Meyers High school nurse Karen Kwak has always known she wanted to help others.
But if it were not for the encouragement of friends at Wilkes University (then Wilkes College), Kwak might have never become a nurse.
Kwak, 56, began her college career in 1979 with her future “wide open.”
”I originally thought that I wanted to work with autistic children,” she said. “But then I saw other students who were going for nursing, and I made a decision for follow that path.”
Kwak, who went on to get both her bachelor’s and master’s degree from Wilkes started out as at labor and delivery nurse and “loved it.”
But in 2004, when Kwak was offered the opportunity to become a school nurse, working at St. Nicholas-St. Mary’s and Dodson elementary schools, she jumped at the chance.
“My youngest daughter was at St. Nick’s, and I envisioned spending eight years in the same spot with her,” she said.
In a twist of fate, before she was to report for her first day, the district changed its plan.
“I was told to report to Meyers,” she said. “So my plans didn’t quite work out the way that I thought.”
But, right from the start, Kwak’s particular skill set dovetailed perfectly with her new job.
“Those first years, there were a lot of pregnant girls at the school,” she said. “My experience in labor and delivery just drew me to them. I like to think I made a difference.”
Kwak continues to make a difference in the lives of students.
In addition to assisting students with health care problems – that range from chronic conditions such as asthma and diabetes to very minor ones such as cuts and bruises – Kwak provides a listening ear.
“Sometimes students don’t feel like they can talk to their mothers,” she said. “So I try to support them. Some students come to school with problems and baggage they need to resolve in order to learn.”
She said has also taken time to do things such as fill out applications for school or employment in a pinch for students who really just need to know someone cares.
And although Kwak loves her job as a nurse, she admits that it comes second to her primary job – wife and mother.
“I guess being a nurse helped me be a better mother and being a mother makes me a better nurse,” she said.

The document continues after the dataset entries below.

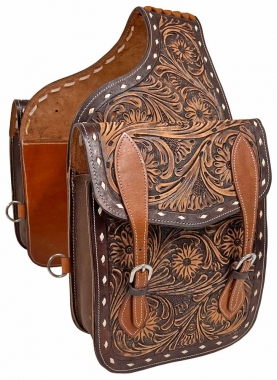 Rugged Ride Floral Tooled Leather Saddle Bag with Buckstitching: Chicks ...
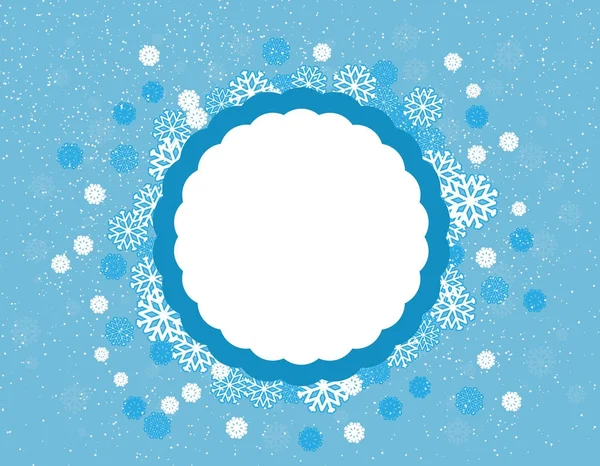 Fundo de férias azul de inverno com flocos de neve e estrelas New Ye — Fotografia de Stock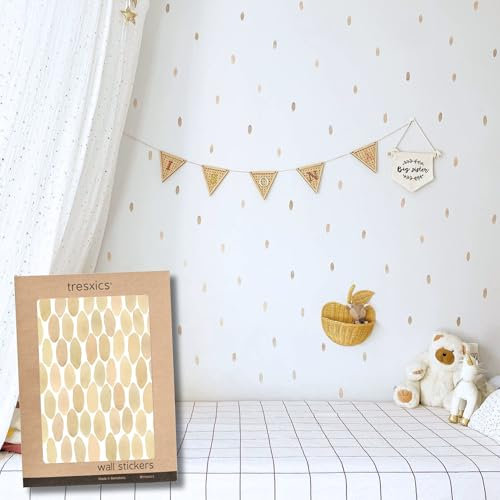 Pegatinas Pared Decorativas | Vinilo Adhesivo Pared Gotas Acuarela | Efecto Papel Pintado | Cubre 3 m² | 118 piezas | TRESXICS (Amarillo)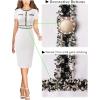 imageVFSHOW Womens Crew Neck Button Business Work Office Bodycon Dress Short Sleeve Patchwork Tweed Trim Party Pencil Sheath DressOffwhite With Black Tweed Trim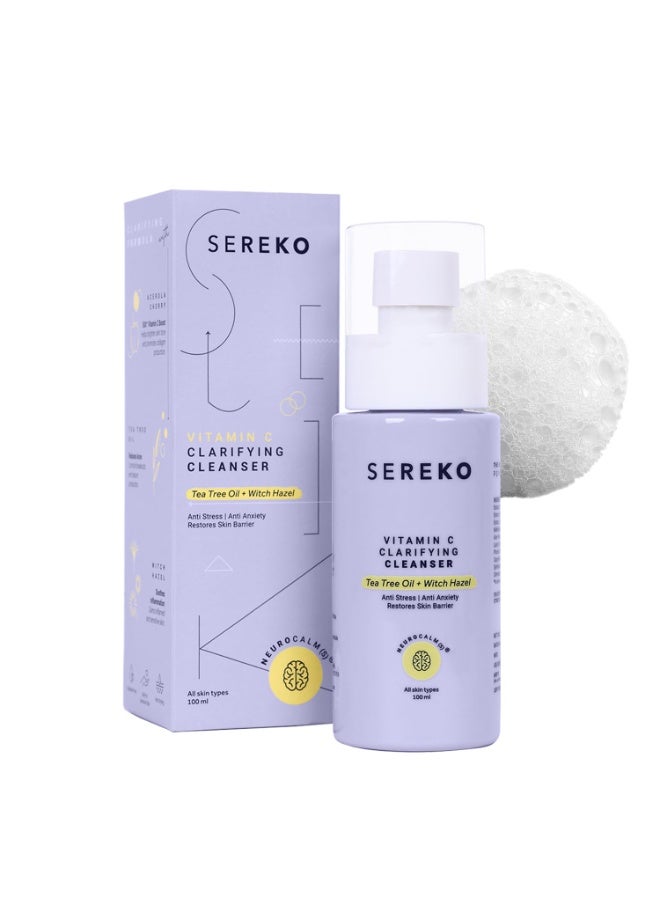 SEREKO Vitamin C Clarifying Clencer | Face Wash for Glowing & Brightening Skin For Men & Women | Remove Dirt, Excess Oil, Reduce Active Acne & Dark Spots | Suitable for All Skin Types | Gel to Foam 100ml - Image 1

Kwak, who lives with her husband, attorney Karl Kwak, in Wyoming, enthusiastically talks about her three adult daughters and how her relationship with them is a top priority.
Kwak doesn’t seek out accolades, but she said she sometimes comes upon them by accident.
“A young lady who attended Meyers and was in the Women with Children program at Misericordia University was being interviewed,” she said. “And when they asked her how she found out about the program, who made it possible – she said her school nurse.”
Kwak doesn’t know what her future might hold, but she’s open to the possibilities.
“I’ve always wanted to teach and my Master’s is in nursing education,” she said. “so that might be part of my future.”